NASA is now looking for a new mission for Kepler. This mission would use only two reaction wheels now that attempts to revive one of the failed wheels has not succeeded. Reaction wheels two and four had failed and the spacecraft needs at least three to operate normally. Engineering tests showed that one of the wheels was possibly viable but has now ended attempts to restore the wheel. NASA has concluded that the wheel is not healthy enough to continue the mission, therefore Kepler as we knew it is done and the mission will end. There is some good news though, NASA is looking for white papers to resume some level of science data collection using two reaction wheels and thrusters. This will not allow the spacecraft to resume normal pointing accuracy but may allow some new, slightly different mission to be executed.

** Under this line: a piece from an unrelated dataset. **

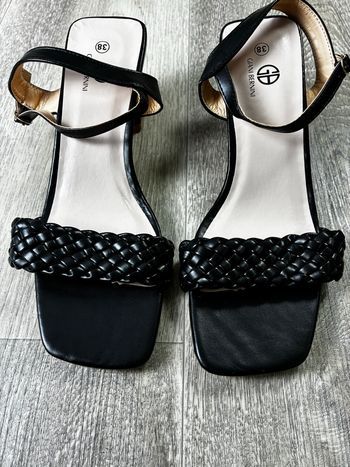 Sandales à talons noir tressé – Taille 38  Giani Bernini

The diagram to the left gives you an idea of how a new mission could work, allowing more error or drift on the pointing of the spacecraft. This is based on an early analysis by Ball Aerospace.
“At the beginning of our mission, no one knew if Earth-size planets were abundant in the galaxy. If they were rare, we might be alone,” said William Borucki, Kepler science principal investigator at NASA’s Ames Research Center in Moffett Field, Calif. “Now at the completion of Kepler observations, the data holds the answer to the question that inspired the mission: Are Earths in the habitable zone of stars like our sun common or rare?”
There is no other spacecraft capable of looking for planets the way Kepler did and we need to remember it was an outstanding success. Kepler had actually completed it’s normal mission life and was in an extended mission which took advantage of the fact that the spacecraft could still obtain good science data.